[vaɡô fymër] (gr. n. SNCF.)
Les années surannées furent souvent nimbées d’un brouillard volontaire, peut-être hérité de l’esthétique sfumato de Léonard de Vinci, peut-être dicté par de plus prosaïques pratiques tabagiques, les chercheurs cherchent encore.
Autant il semble iconoclaste à un moderne que la consommation de tabac puisse s’effectuer à la table d’un restaurant, dans un avion ou dans un train, autant le suranné pourra raconter l’existence de ces pratiques en son temps, celles-ci allant même jusqu’à déterminer l’existence d’un wagon fumeurs dans le train ! Oui…
Le wagon fumeurs est, comme son nom l’indique, un wagon dans lequel le fumeur peut fumer. Et il ne va pas se gêner pour le faire.
Doublement caractérisé par son odeur mêlant tabac froid et cigarette en combustion, le wagon fumeurs est une zone d’arrogance supérieure pour l’amateur de Gitanes qui soufflera avec délectation ses volutes au visage du pantois ayant oublié de préciser non-fumeur à la réservation.

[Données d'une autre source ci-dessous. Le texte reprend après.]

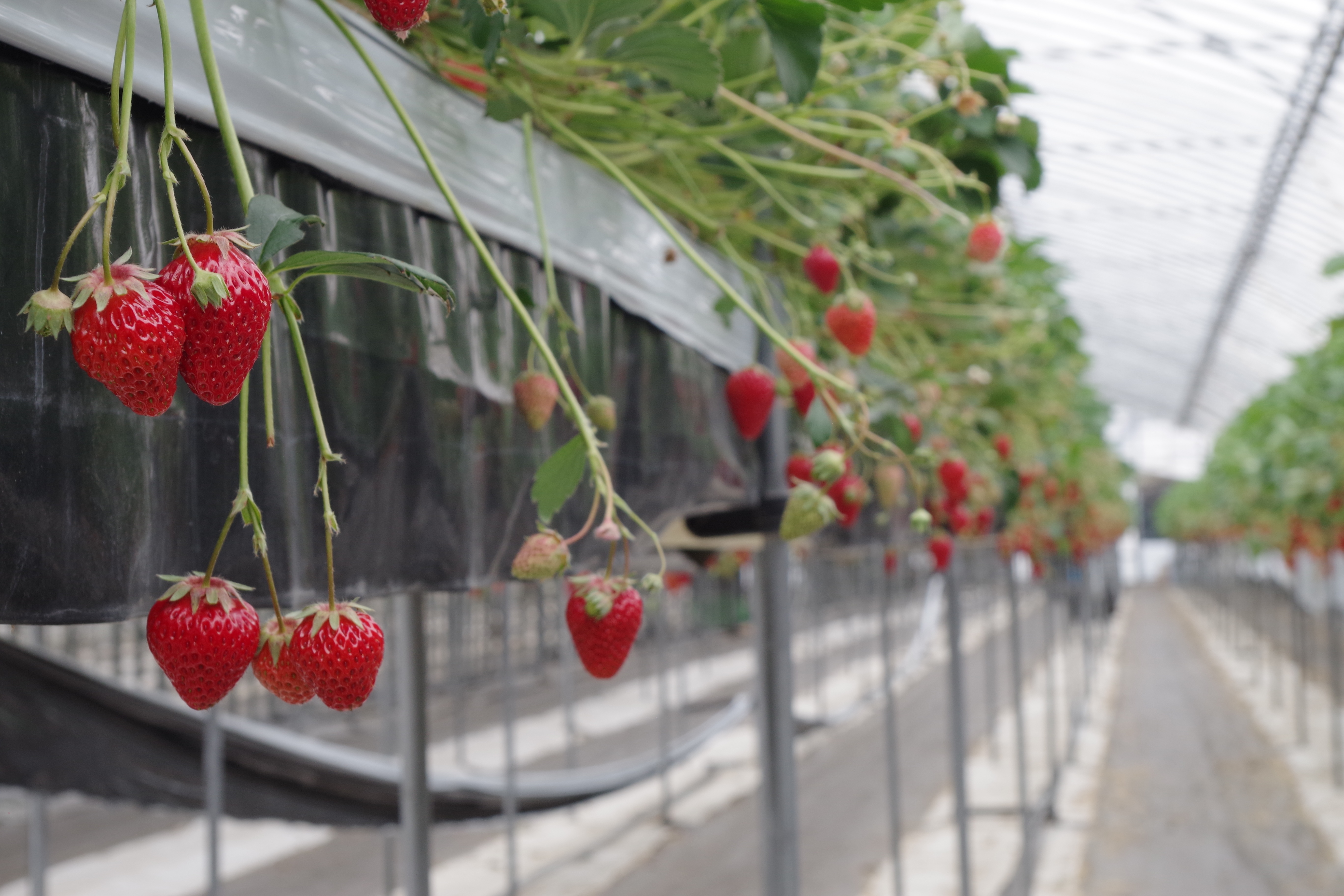 strawberries hang from a greenhouse trough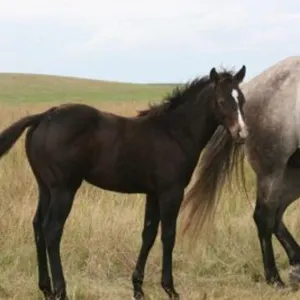 DF PEPTOS HONEY 2026 AQHA GRAY FILLY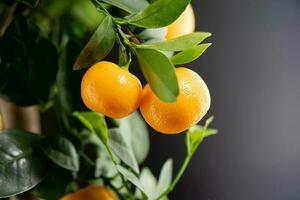 le calamondin Orange nitro Fortunella macrocarpa est une hybride de mandarin un cumquat photo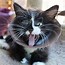 Image result for Sassy Cat Funny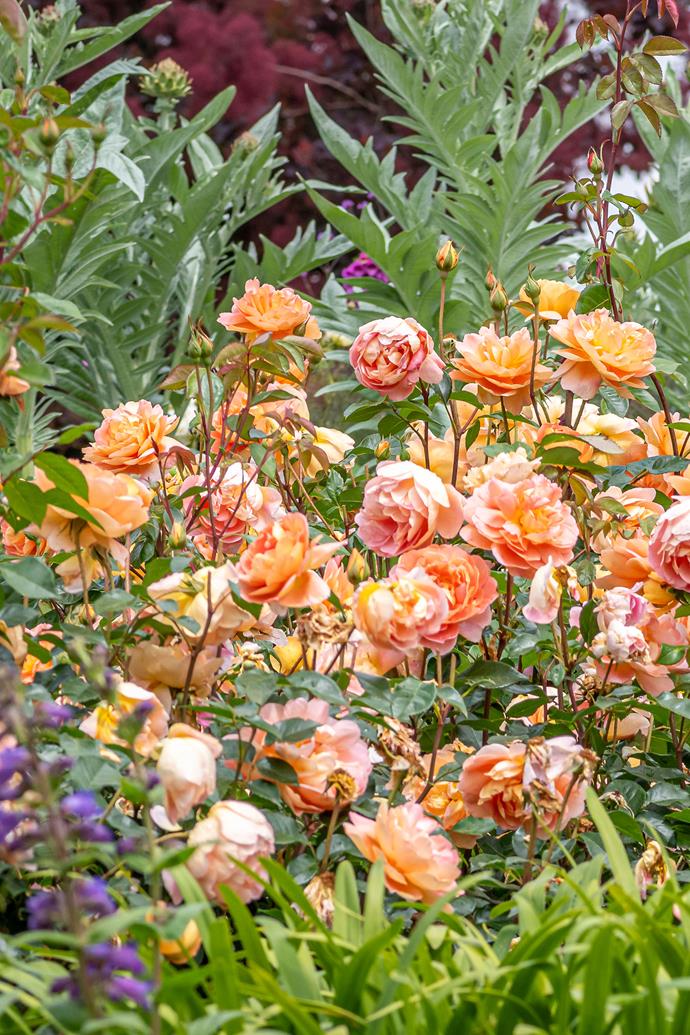 A mass of apricot-toned 'Pat Austin' roses.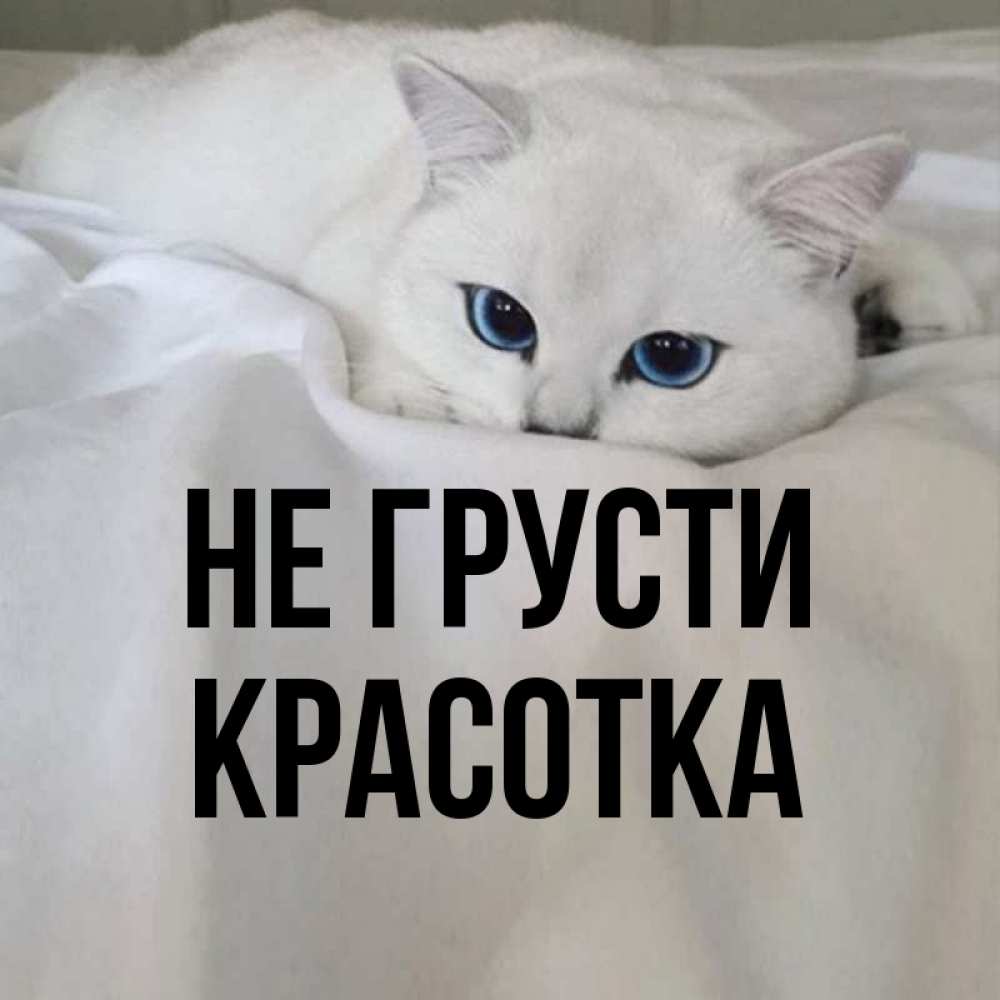 Картинка Не грусти, красотка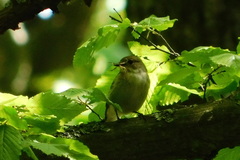 Ficedula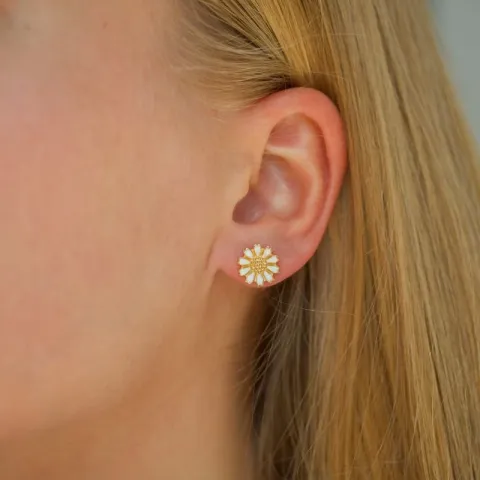 10 mm prästkrage örhängen i förgyllt silver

Car l’on trouvera des importuns dans le wagon fumeurs : des non-fumeurs, voire des anti-fumeurs, qui n’auront cesse de se plaindre d’avoir atterri ici, faute de place en non-fumeurs comme l’on précise alors.
Il faut dire qu’un Paris-Marseille avec Le Mistral c’est un peu plus de sept heures de voyage, soit près d’un paquet de Goldos pour le passager lambda du wagon fumeurs ! C’est long, très long pour le non-fumeur-étourdi-qui-n’avait-qu’à-réserver-en-non-fumeurs.
Paradoxalement, l’ultra moderne et grande vitesse qui déboule en septembre 1981 sous l’appellation TGV, n’envoie pas le wagon fumeurs à la casse. La durée d’un Paris-Lyon tombe cependant à deux ou trois clopes consumées, ce qui est un premier pas vers une politique de santé publique qui aboutira dix ans plus tard à la fameuse loi Evin qui elle, poussera le wagon fumeurs sur une voie de garage.
La mise à disposition générale du téléphone portable et des conversations à voix haute sur l’heure-d’arrivée-et-tu-mettras-bien-ton-écharpe-et-oui-mes-hémorroïdes-ça-va-mieux¹ remplaceront Boyard et ses consœurs côté nuisances. De quoi, parfois, faire regretter le wagon fumeurs.